Your answer should consist only of the line with "ILepo Črna/Bela QC3.0" and the lines after it, reproduced exactly through the end of the entries below.

SUPPLIED RECORDS:
※ ※ ※

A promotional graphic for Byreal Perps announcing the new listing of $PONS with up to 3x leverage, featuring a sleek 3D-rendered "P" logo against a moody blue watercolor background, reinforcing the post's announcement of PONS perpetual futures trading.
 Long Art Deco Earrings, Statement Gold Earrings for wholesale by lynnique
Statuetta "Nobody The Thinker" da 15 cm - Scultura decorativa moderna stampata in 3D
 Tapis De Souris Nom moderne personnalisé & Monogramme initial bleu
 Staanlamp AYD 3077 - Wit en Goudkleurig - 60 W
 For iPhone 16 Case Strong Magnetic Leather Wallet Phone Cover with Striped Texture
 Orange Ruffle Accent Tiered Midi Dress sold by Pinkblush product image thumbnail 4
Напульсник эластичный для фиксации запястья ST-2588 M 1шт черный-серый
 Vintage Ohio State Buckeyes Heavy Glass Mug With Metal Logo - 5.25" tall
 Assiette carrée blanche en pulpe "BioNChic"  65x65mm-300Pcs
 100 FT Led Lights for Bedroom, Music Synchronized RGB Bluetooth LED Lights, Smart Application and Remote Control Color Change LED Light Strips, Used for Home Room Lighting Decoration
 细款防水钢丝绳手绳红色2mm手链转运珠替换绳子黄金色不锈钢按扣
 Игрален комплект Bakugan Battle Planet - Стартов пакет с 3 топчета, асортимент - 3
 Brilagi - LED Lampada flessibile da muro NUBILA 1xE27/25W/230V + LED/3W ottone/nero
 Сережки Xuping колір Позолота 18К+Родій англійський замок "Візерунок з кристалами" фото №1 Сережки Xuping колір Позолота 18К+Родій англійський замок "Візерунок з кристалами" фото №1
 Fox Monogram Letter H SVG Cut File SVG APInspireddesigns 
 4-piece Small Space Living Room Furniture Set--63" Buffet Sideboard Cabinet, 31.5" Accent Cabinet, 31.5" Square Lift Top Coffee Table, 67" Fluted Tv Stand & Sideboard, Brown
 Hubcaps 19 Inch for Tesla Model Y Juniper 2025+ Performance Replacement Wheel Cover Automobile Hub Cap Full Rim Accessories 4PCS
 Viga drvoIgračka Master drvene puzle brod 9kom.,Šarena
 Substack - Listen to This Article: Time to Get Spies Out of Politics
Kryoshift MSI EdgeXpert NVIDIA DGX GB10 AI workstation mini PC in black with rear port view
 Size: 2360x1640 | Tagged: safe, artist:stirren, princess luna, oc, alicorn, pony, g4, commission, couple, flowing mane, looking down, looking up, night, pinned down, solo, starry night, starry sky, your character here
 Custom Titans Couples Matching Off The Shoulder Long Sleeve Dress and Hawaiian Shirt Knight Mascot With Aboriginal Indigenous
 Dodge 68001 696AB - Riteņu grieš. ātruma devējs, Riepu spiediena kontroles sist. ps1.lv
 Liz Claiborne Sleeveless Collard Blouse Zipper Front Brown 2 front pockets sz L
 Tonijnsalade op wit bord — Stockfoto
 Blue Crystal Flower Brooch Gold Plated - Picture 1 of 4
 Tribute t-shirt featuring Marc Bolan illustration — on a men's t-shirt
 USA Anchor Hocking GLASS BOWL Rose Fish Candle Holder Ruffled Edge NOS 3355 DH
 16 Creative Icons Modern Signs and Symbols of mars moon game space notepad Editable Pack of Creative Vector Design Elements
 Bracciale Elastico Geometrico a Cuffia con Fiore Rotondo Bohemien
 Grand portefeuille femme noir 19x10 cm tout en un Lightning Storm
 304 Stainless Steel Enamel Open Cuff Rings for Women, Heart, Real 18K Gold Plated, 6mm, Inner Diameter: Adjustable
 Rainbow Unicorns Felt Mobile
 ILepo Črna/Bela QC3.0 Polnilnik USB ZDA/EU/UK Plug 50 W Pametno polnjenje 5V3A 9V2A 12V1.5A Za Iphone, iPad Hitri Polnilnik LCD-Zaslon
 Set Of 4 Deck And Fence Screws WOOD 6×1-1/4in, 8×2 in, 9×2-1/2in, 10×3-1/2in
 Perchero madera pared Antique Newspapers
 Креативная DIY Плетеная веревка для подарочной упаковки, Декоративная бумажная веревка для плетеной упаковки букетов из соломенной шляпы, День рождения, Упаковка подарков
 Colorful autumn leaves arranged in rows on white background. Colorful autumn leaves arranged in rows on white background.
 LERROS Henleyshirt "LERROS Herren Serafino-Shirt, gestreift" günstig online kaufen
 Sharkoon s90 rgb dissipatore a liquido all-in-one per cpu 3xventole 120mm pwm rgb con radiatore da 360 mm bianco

※ ※ ※

EXERCISE OUTPUT:
 ILepo Črna/Bela QC3.0 Polnilnik USB ZDA/EU/UK Plug 50 W Pametno polnjenje 5V3A 9V2A 12V1.5A Za Iphone, iPad Hitri Polnilnik LCD-Zaslon
 Set Of 4 Deck And Fence Screws WOOD 6×1-1/4in, 8×2 in, 9×2-1/2in, 10×3-1/2in
 Perchero madera pared Antique Newspapers
 Креативная DIY Плетеная веревка для подарочной упаковки, Декоративная бумажная веревка для плетеной упаковки букетов из соломенной шляпы, День рождения, Упаковка подарков
 Colorful autumn leaves arranged in rows on white background. Colorful autumn leaves arranged in rows on white background.
 LERROS Henleyshirt "LERROS Herren Serafino-Shirt, gestreift" günstig online kaufen
 Sharkoon s90 rgb dissipatore a liquido all-in-one per cpu 3xventole 120mm pwm rgb con radiatore da 360 mm bianco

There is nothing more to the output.